**Assigned task**
An exact reproduction of the records is required, with all images left out.
─── Records
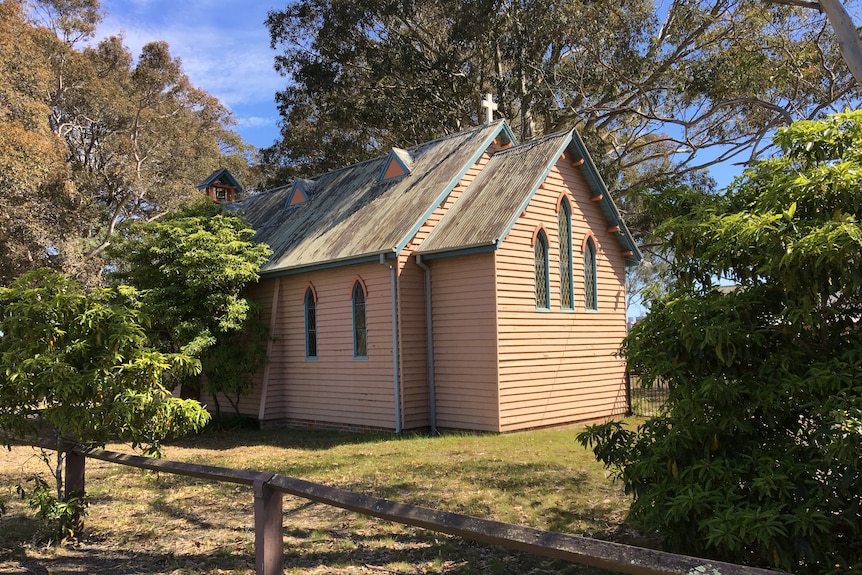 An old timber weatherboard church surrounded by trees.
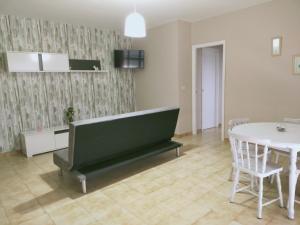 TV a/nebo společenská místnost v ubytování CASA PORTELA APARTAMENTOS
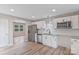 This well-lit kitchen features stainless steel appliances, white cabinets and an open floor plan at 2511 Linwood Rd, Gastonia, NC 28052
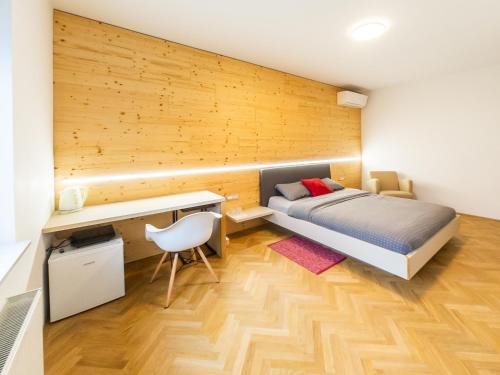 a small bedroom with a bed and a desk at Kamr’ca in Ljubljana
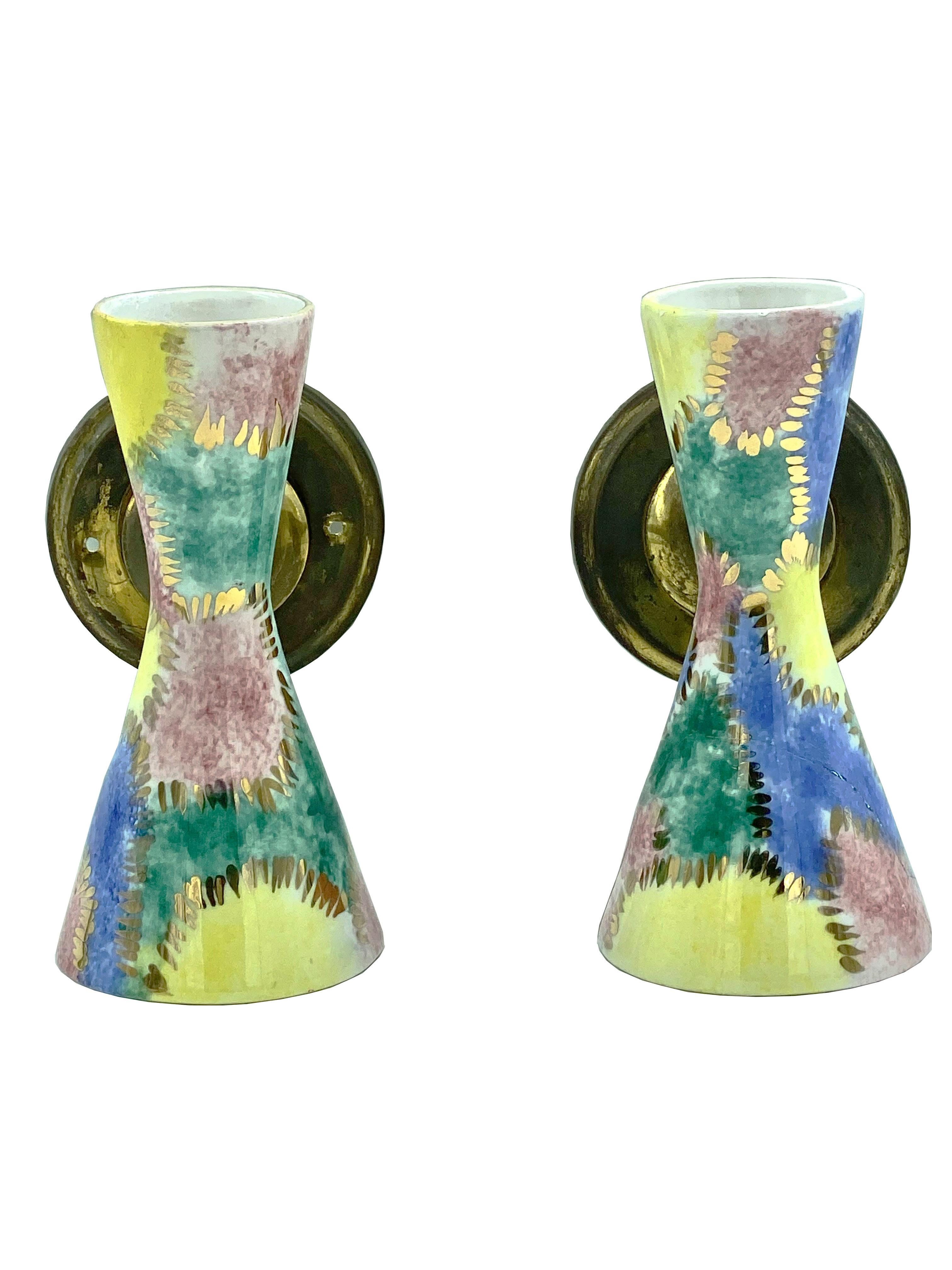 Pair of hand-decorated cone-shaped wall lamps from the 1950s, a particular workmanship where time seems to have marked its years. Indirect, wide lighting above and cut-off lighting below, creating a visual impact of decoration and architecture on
──────
**Result of this task**
 An old timber weatherboard church surrounded by trees.
 TV a/nebo společenská místnost v ubytování CASA PORTELA APARTAMENTOS
 This well-lit kitchen features stainless steel appliances, white cabinets and an open floor plan at 2511 Linwood Rd, Gastonia, NC 28052
 a small bedroom with a bed and a desk at Kamr’ca in Ljubljana
 Pair of hand-decorated cone-shaped wall lamps from the 1950s, a particular workmanship where time seems to have marked its years. Indirect, wide lighting above and cut-off lighting below, creating a visual impact of decoration and architecture on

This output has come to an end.